First we’ll give em a fair trial, then we’ll hang em

The all-Republican Loudoun Board of Supervisors, the beneficiaries of more than $67,000 in campaign contributions from the investors behind the proposed stadium at the One Loudoun development, were clearly caught off guard last fall by the groundswell of citizen opposition to the sweetheart deal for the stadium that they sprung on the public without warning last October.

From the outset it was blatantly obvious that the fix was in, though. The supervisors voted 9–0 with essentially no debate to give carte blanche top priority to the rezoning and special exemption request filed by the stadium developers. Chairman Scott York (R) and Supervisor Shawn Williams (R-Broad Run) attended community meetings alongside stadium execs to promote the stadium proposal, with Williams in particular doing yeomen PR spin duty by reassuring nearby residents that it will be an “intimate” stadium that will really not bother them.

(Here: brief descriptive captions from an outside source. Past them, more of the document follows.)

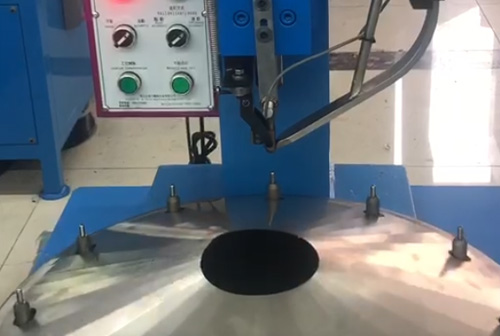 2023-3-10 什么是鉚釘機(jī)的實(shí)心鉚釘？實(shí)心鉚釘?shù)膽?yīng)用范圍有哪些？.jpg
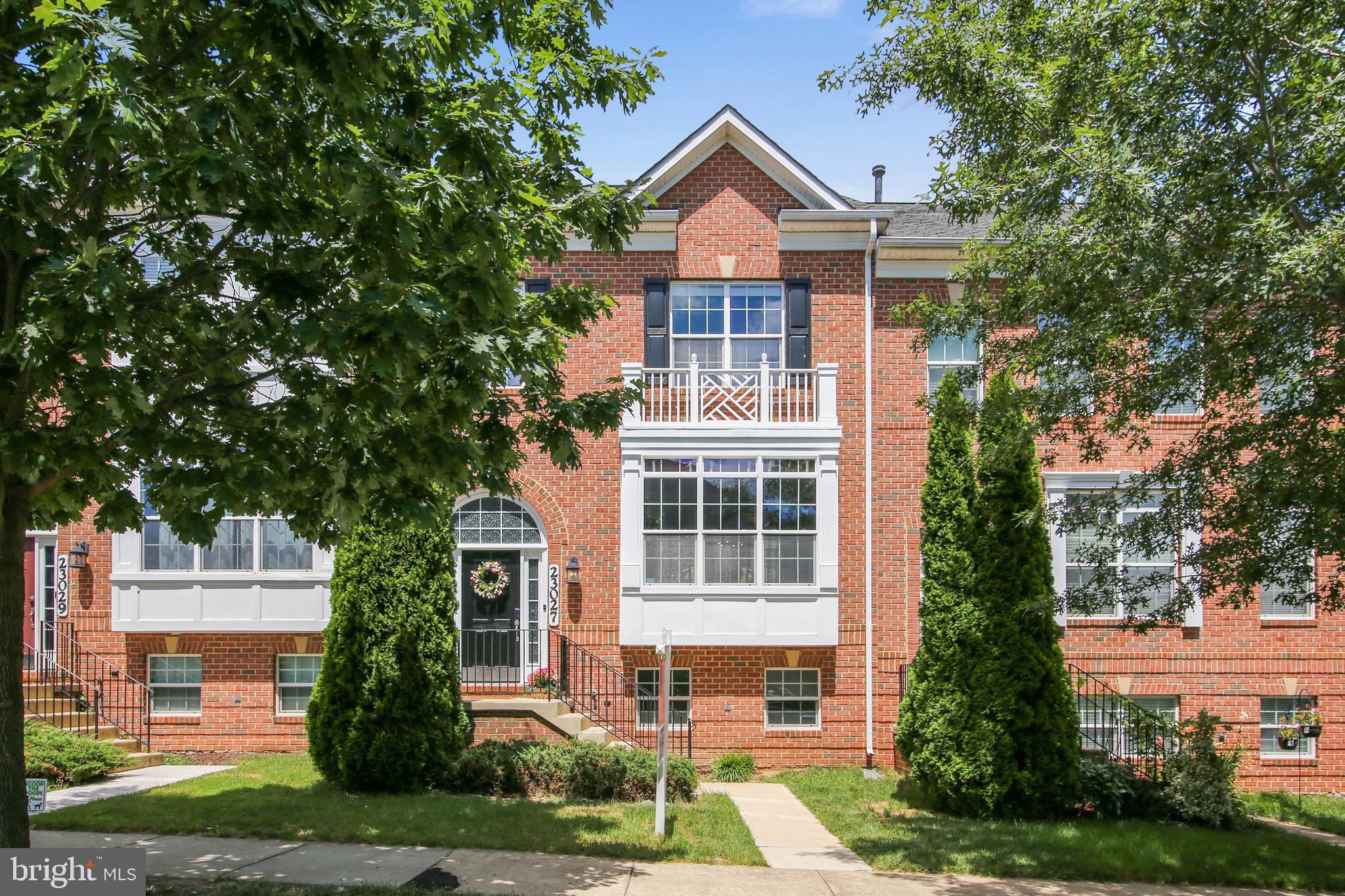 Gorgeous Move-In Ready Colonial Town Home!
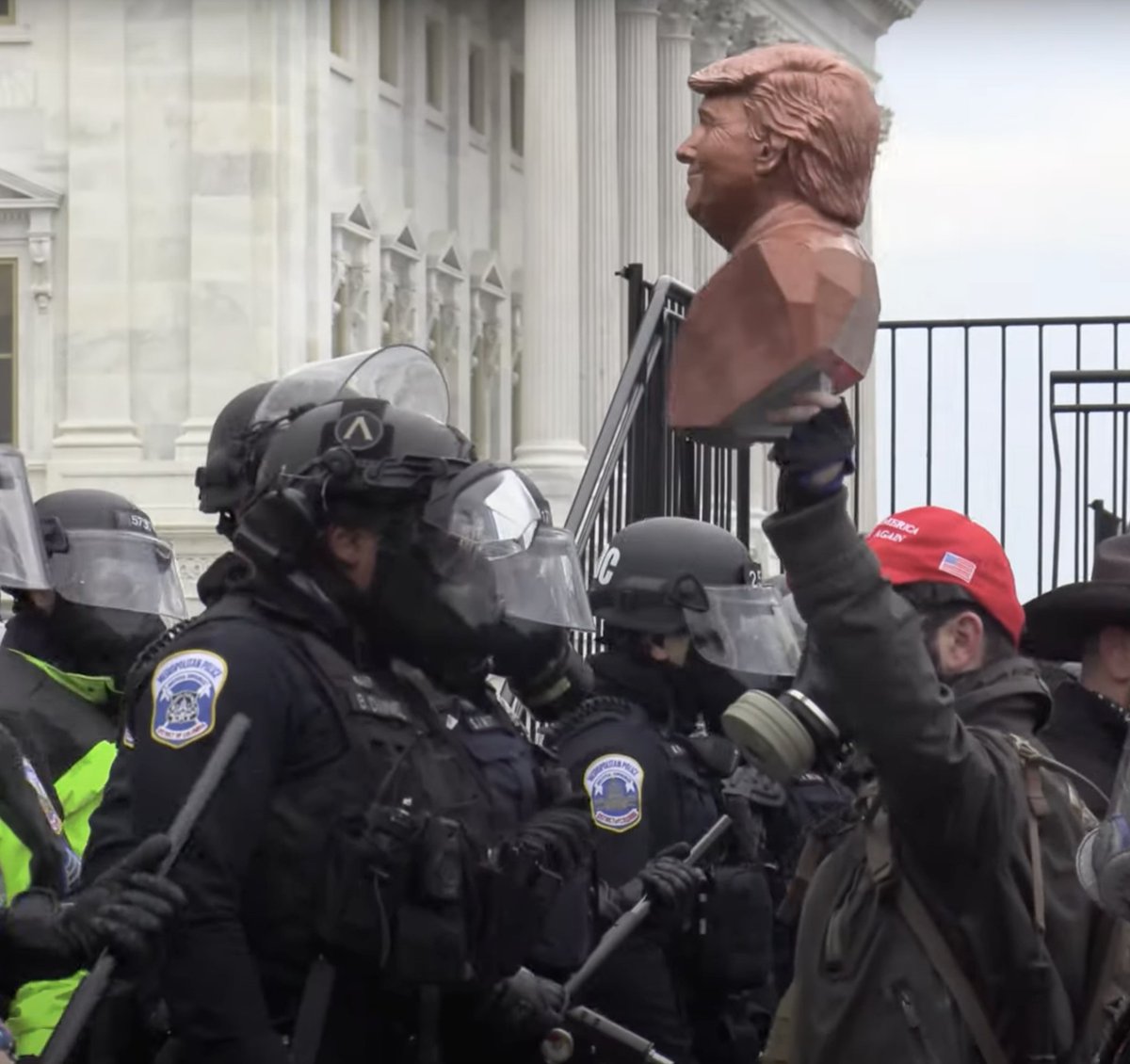 A Trump bust is having a grand time......but fails to ward off  #Capitol Police.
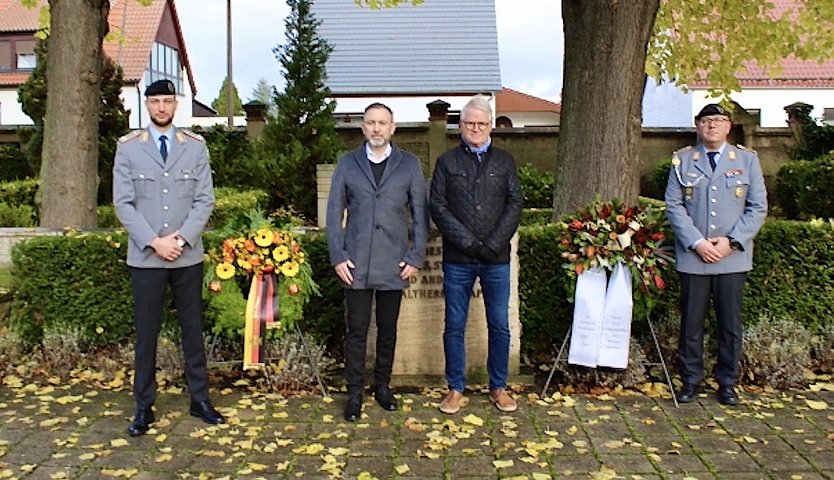 Gemeinsam mit Offizieren des Patentregiments gedachte die Bad Langenslazaer Verwaltungspitze der Opfer von Krieg, terror und Gewaltherrschaft   (Foto: oas)
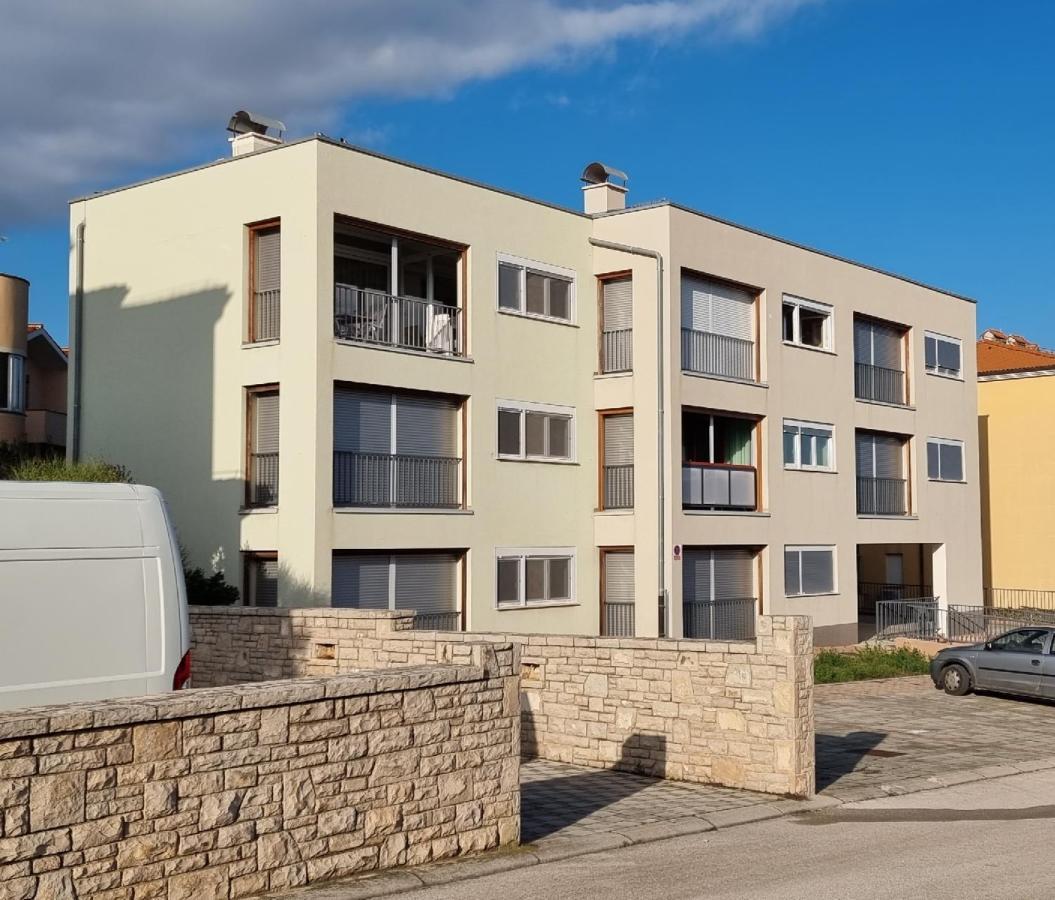 Apartmani Sunce I More Premantura Buitenkant foto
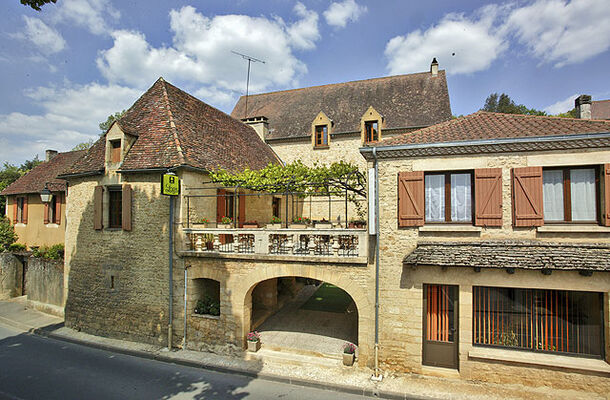 Carsac-Aillac - Hôtel-restaurant Delpeyrat
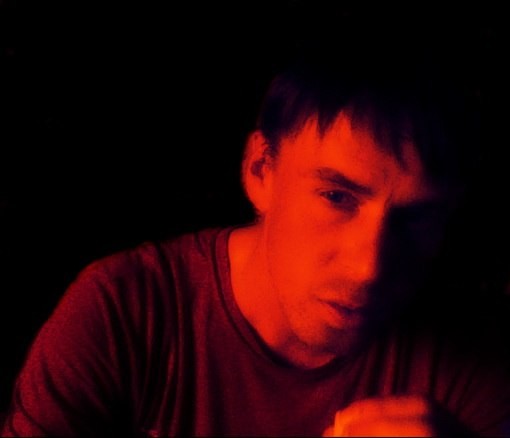 Malikim - Ultraviolet (feat. Thomas Mraz)(Remix) Malikim - Ultraviolet (feat. Thomas Mraz)(Remix)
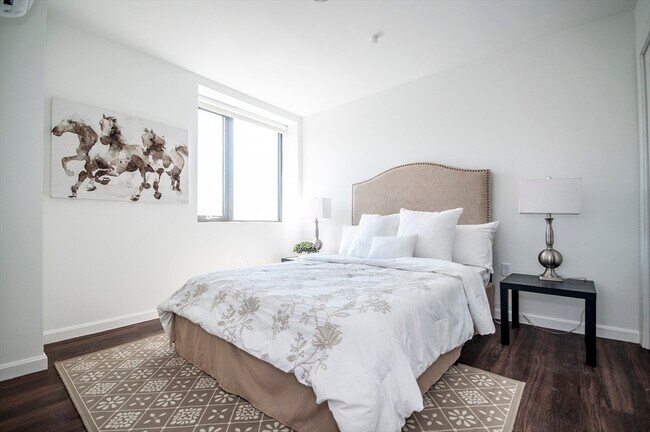 Foto del edificio - 70 Parker Hill Ave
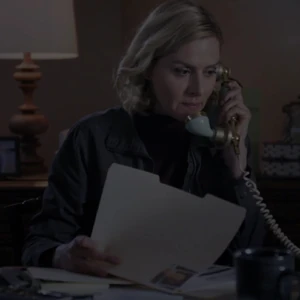 Dianne making her arrangement in the film's climax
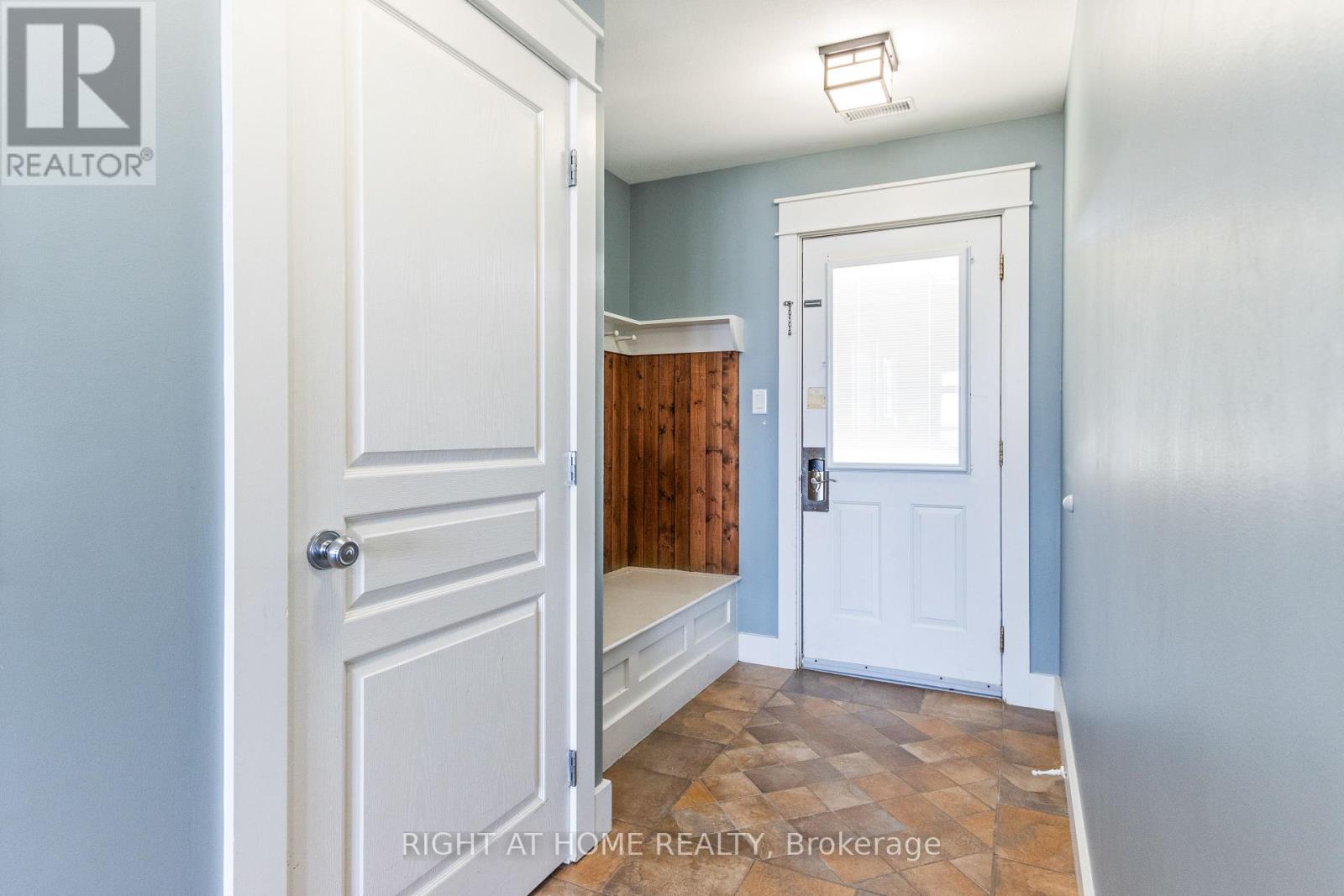 229 - 130 Fairway Court, Blue Mountains, Ontario  N3W 1Y1 - Photo 7 - X12508834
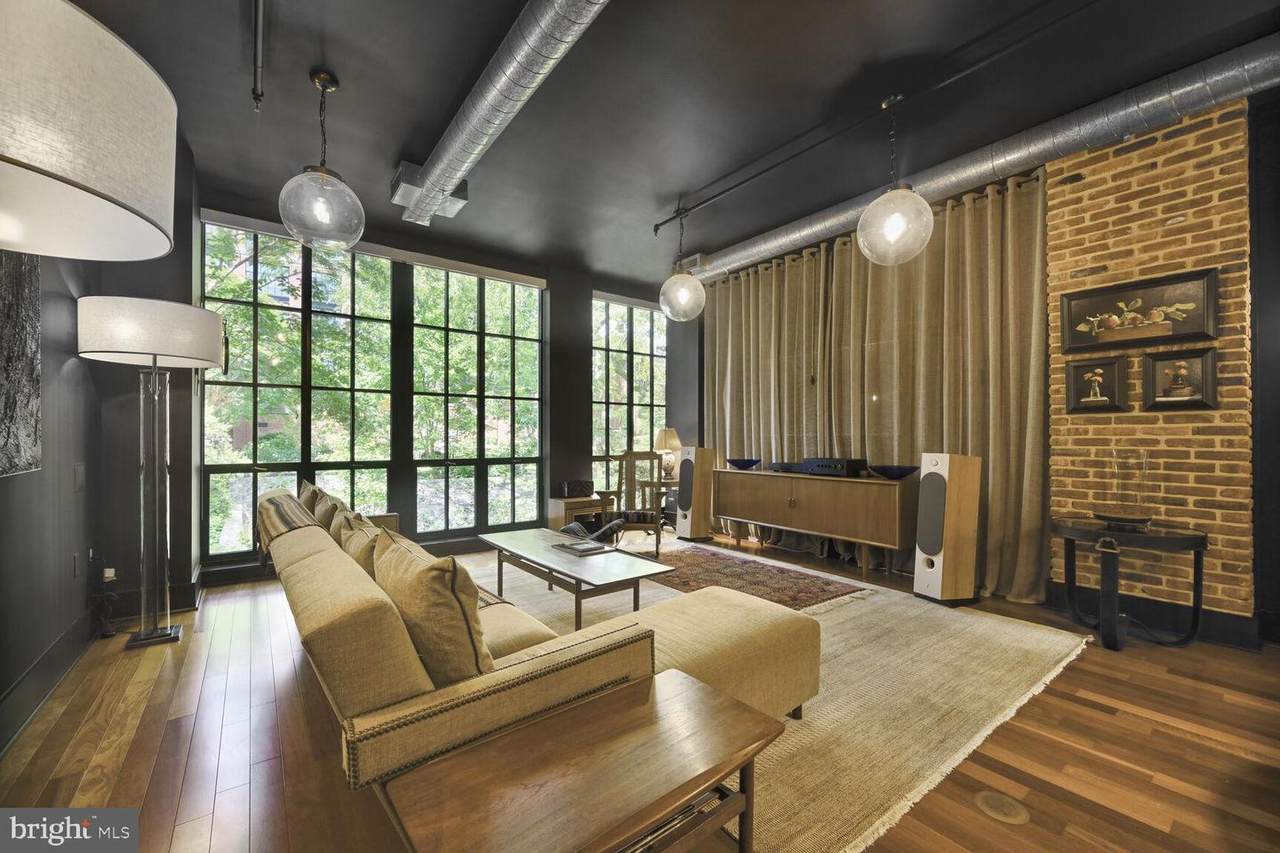 1615 Queen Street - Photo 1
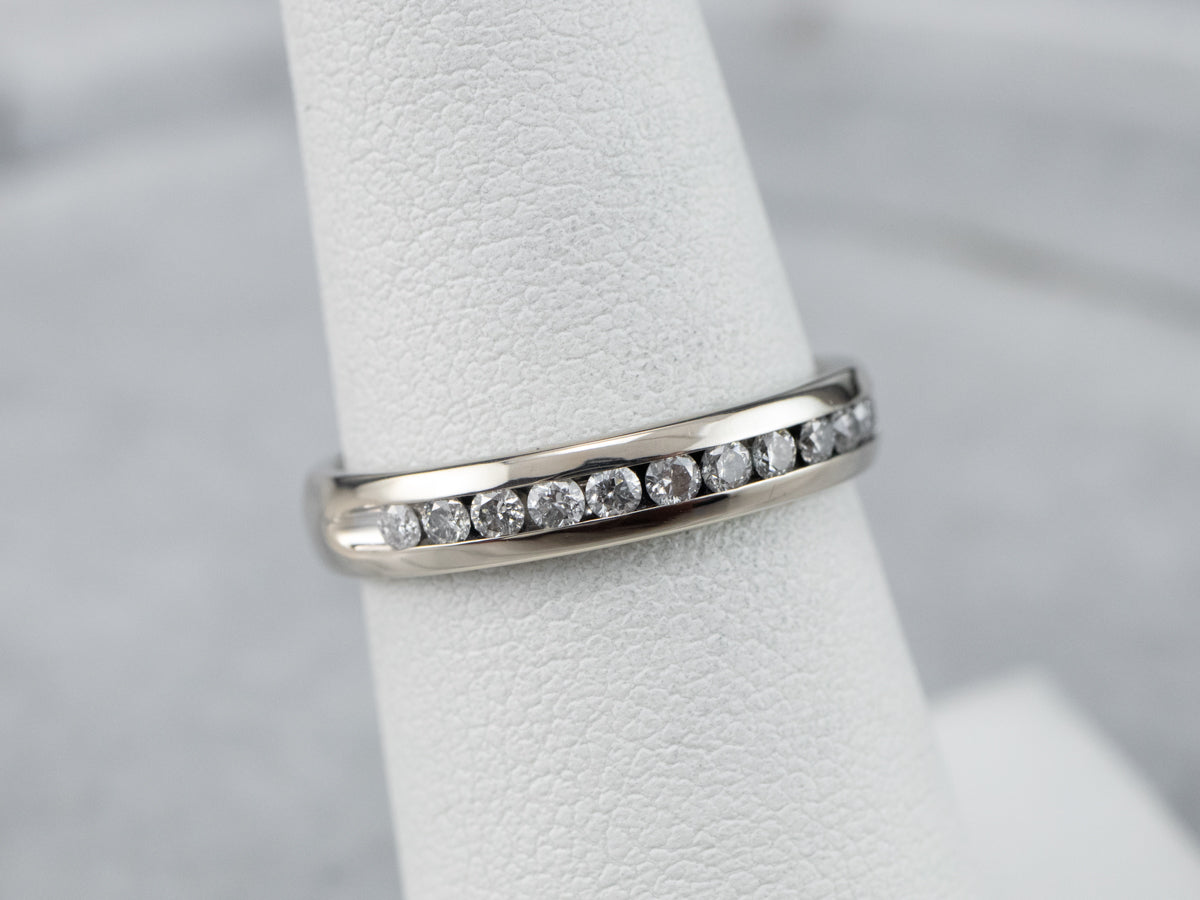 Alianza de diamantes en oro blanco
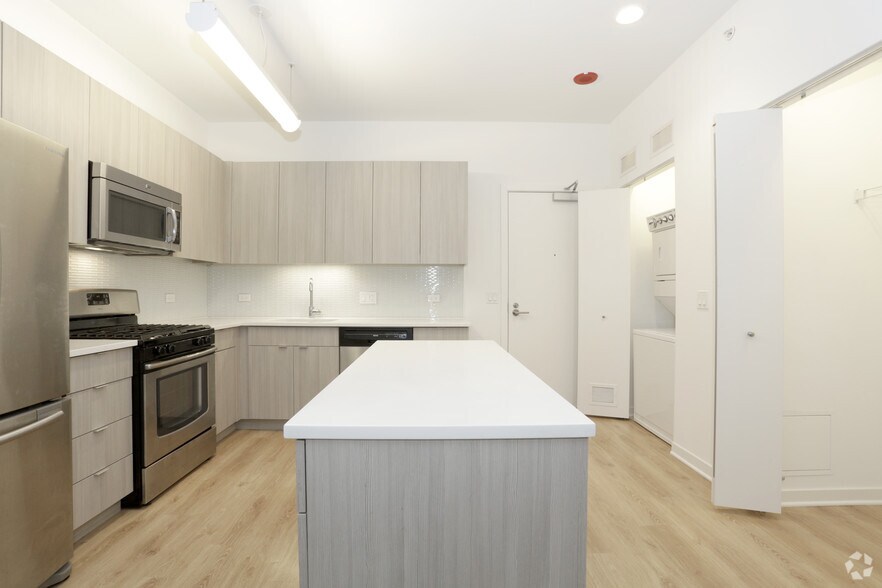 More Photos Of 558 W Webster Ave, Chicago Apartments For Lease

This despite the Planning Commission staff report which noted that plans for the stadium filed by the developers called for up to 10,000 seats for special events, regularly scheduled fireworks displays, and loud concerts and other special functions having nothing whatever to do with baseball that is supposedly what the stadium is for.

Supervisor Geary Higgins (R-Catoctin), trying to get into the act, goofily offered his constituents free fan gear for the extremely minor league and to date non-existent Loudoun Hounds baseball team that will supposedly play at the stadium (“If you, like me, think it will be great to have a local ball club to root for, contact my office for a free Loudoun Hounds bumper sticker,” said Geary, in no way prejudging the issue . . .)

Now with a final vote scheduled for March 25, the supervisors are trying very hard to act like they will judiciously consider the matter . . . before unanimously approving it, that is.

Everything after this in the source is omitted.